DATA EXCERPT:

——

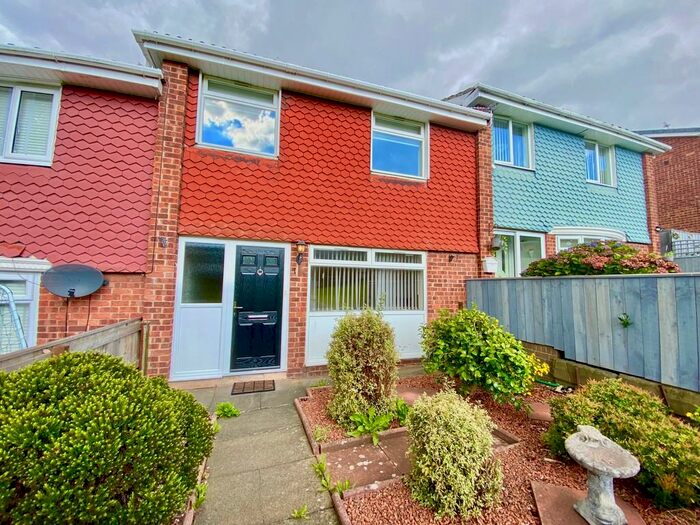 3 Bedroom Terraced House To Rent In Troutbeck Gardens, Lyndhurst Estate, NE9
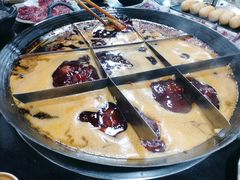 红汤锅底-铜元老码头鳝鱼火锅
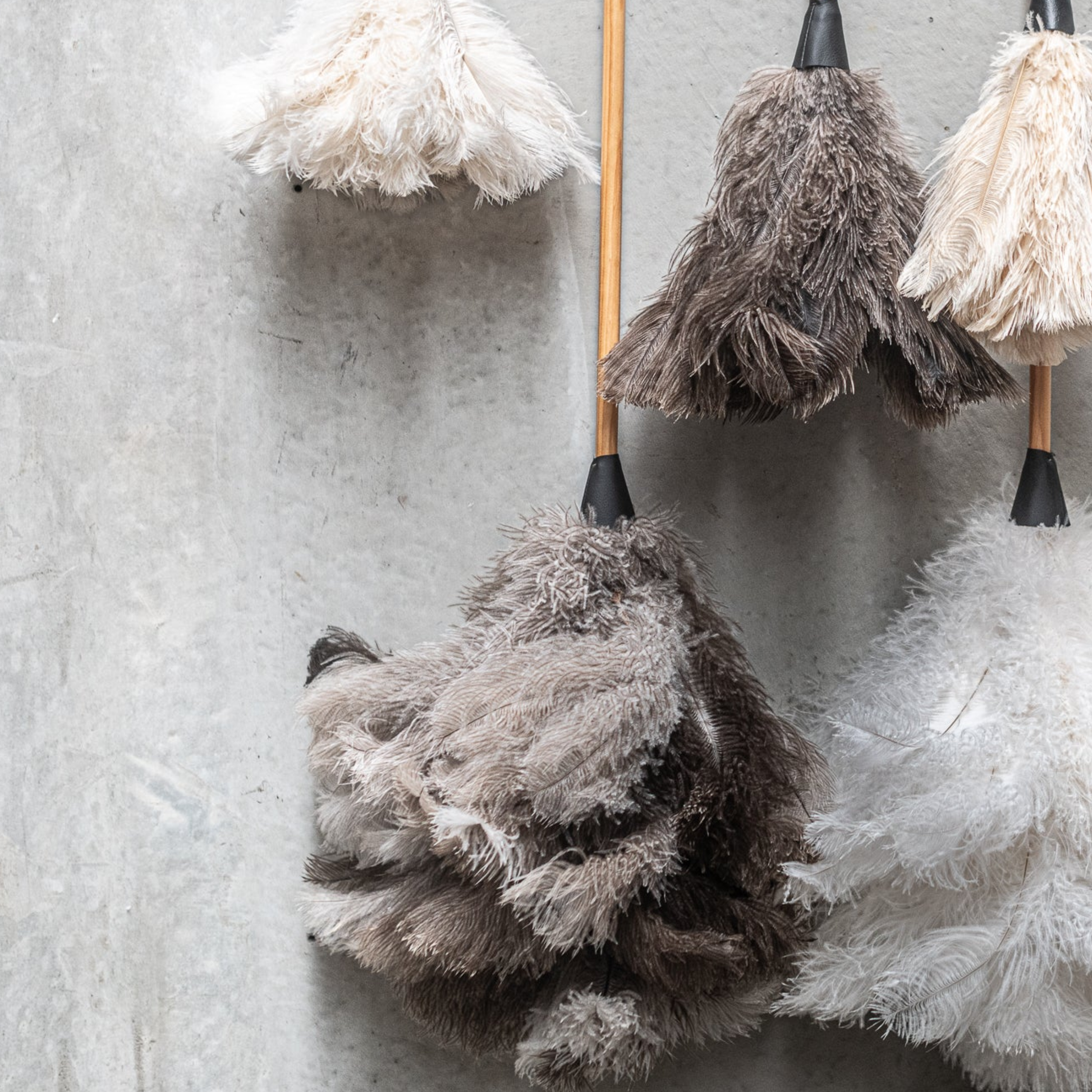 Close up on the Fathom Ostrich Feather Duster 90cm Natural soft natural feather duster for careful and gentle dusting.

——

WORK TASK: Exclude all images and retype the data precisely.

EXERCISE SOLUTION:
 3 Bedroom Terraced House To Rent In Troutbeck Gardens, Lyndhurst Estate, NE9
 红汤锅底-铜元老码头鳝鱼火锅
 Close up on the Fathom Ostrich Feather Duster 90cm Natural soft natural feather duster for careful and gentle dusting.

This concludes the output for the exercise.